Every record below must be returned word for word, with the pictures left out.

━━━━━━━━

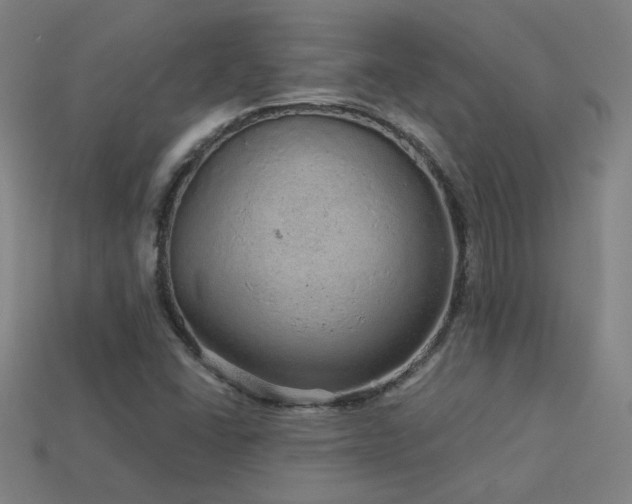 X0000114121406200910051502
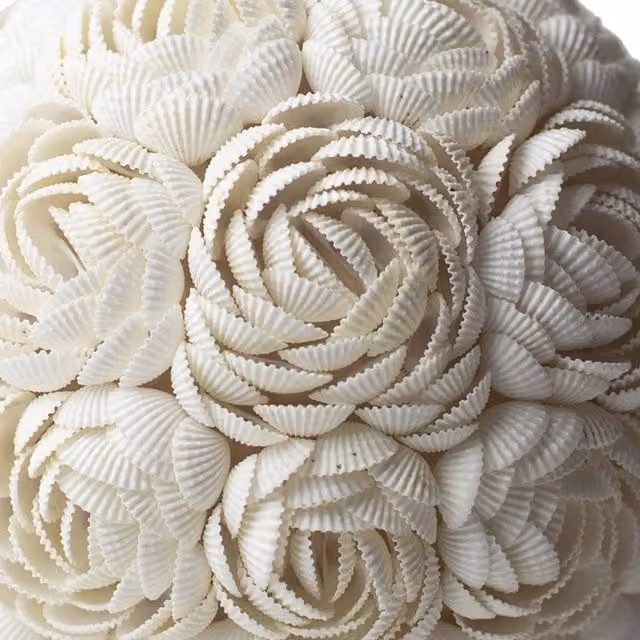 KDMK Boho Sea Shell Rose Globe Tabletop Ambient Light, White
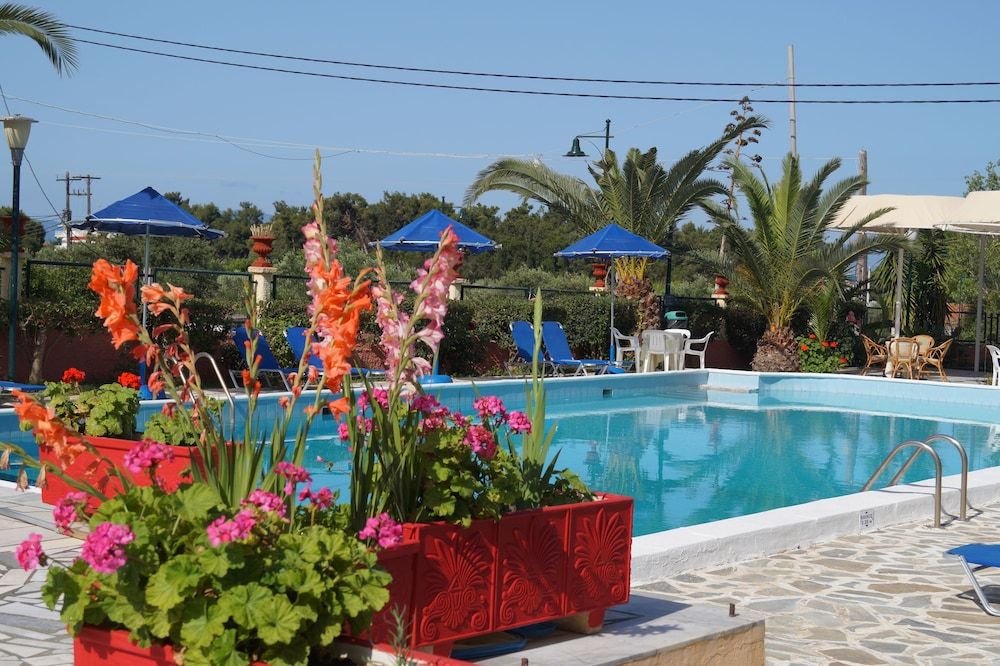 حوض السباحة صورة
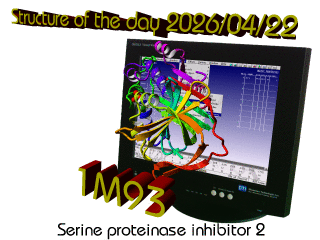 The WHAT IF / YASARA Twinset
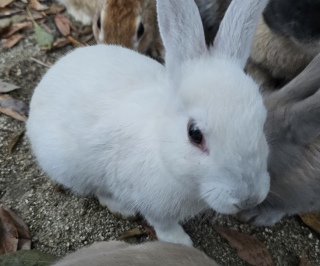 ����������A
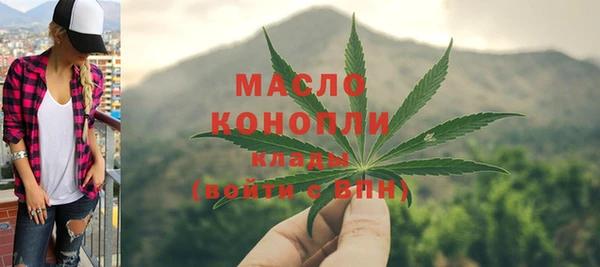 индика Бронницы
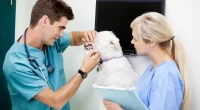 Linking Pet Vaccinations and Human Vaccine Hesitancy - Key Facts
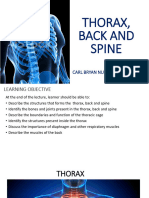 Thorax Back and Spine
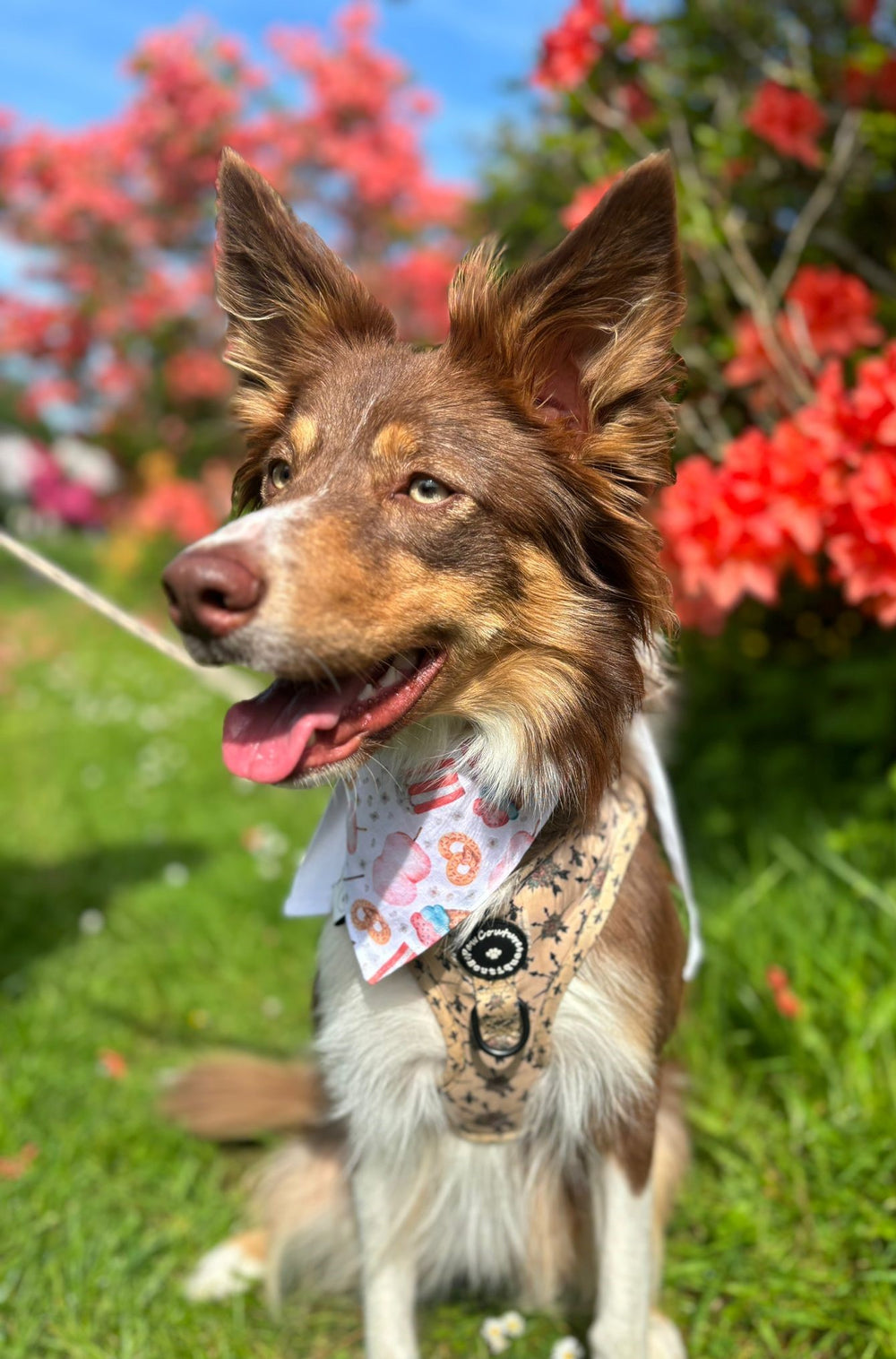 Paw Couture Boutique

━━━━━━━━

### Output below
 X0000114121406200910051502
 KDMK Boho Sea Shell Rose Globe Tabletop Ambient Light, White
 حوض السباحة صورة
 The WHAT IF / YASARA Twinset
 ����������A
 индика Бронницы
 Linking Pet Vaccinations and Human Vaccine Hesitancy - Key Facts
 Thorax Back and Spine
 Paw Couture Boutique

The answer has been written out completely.